Would you repeat exactly the part of the listing below that runs from the line containing "Pouzdro na mobilní" down to the line containing "[Double Helix] Mini", inclusive, and nothing else?
+++ Listed records
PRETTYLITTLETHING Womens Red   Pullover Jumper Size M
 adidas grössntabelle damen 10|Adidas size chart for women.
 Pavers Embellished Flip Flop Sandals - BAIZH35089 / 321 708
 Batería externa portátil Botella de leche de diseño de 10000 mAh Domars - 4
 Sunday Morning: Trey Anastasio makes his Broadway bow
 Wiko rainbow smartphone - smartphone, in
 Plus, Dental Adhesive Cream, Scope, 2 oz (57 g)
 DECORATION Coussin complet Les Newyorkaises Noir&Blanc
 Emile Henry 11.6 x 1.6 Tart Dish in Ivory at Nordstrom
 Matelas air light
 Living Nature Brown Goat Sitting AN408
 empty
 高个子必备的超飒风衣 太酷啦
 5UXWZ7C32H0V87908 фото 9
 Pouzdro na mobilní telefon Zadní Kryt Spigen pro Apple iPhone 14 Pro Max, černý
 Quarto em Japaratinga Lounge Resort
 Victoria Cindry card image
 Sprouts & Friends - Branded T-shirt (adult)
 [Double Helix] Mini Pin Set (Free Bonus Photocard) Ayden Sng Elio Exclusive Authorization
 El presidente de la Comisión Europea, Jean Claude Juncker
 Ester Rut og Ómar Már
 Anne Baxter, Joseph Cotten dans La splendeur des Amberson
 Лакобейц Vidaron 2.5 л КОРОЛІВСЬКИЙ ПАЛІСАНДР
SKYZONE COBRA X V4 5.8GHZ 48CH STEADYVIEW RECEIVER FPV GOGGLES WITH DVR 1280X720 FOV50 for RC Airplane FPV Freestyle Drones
++++++
#### Answer space
 Pouzdro na mobilní telefon Zadní Kryt Spigen pro Apple iPhone 14 Pro Max, černý
 Quarto em Japaratinga Lounge Resort
 Victoria Cindry card image
 Sprouts & Friends - Branded T-shirt (adult)
 [Double Helix] Mini Pin Set (Free Bonus Photocard) Ayden Sng Elio Exclusive Authorization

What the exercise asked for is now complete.